> Your goal
Type again, exactly, the lines below from the start through the line that includes "Dance by Vika heels. Фотограф в Москве".

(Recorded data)
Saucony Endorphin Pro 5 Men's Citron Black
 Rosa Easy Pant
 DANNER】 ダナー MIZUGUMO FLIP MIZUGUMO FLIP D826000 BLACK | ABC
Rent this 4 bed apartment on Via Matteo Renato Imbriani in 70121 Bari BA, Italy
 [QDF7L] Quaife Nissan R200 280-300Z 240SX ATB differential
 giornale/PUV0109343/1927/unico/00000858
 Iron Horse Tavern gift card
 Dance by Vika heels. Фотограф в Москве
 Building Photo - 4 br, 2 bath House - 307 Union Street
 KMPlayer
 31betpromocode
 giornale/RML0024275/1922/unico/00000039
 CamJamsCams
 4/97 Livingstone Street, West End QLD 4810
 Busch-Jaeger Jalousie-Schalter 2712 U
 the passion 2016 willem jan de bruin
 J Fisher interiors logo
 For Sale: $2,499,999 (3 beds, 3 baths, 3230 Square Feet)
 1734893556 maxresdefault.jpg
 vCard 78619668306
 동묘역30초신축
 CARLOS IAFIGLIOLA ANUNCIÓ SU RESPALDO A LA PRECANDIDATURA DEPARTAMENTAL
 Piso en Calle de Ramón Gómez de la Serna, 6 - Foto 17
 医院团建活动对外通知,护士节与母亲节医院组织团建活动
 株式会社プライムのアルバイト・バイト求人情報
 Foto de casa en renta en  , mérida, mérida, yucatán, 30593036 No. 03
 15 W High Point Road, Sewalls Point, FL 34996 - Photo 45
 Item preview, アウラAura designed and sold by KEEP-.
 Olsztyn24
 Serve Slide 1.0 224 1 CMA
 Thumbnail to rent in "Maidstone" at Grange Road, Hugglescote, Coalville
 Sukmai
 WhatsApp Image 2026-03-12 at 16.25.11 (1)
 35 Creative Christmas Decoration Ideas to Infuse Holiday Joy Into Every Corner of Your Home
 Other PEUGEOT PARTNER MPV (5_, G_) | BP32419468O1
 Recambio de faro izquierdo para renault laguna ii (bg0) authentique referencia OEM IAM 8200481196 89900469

> Problem solution
Saucony Endorphin Pro 5 Men's Citron Black
 Rosa Easy Pant
 DANNER】 ダナー MIZUGUMO FLIP MIZUGUMO FLIP D826000 BLACK | ABC
Rent this 4 bed apartment on Via Matteo Renato Imbriani in 70121 Bari BA, Italy
 [QDF7L] Quaife Nissan R200 280-300Z 240SX ATB differential
 giornale/PUV0109343/1927/unico/00000858
 Iron Horse Tavern gift card
 Dance by Vika heels. Фотограф в Москве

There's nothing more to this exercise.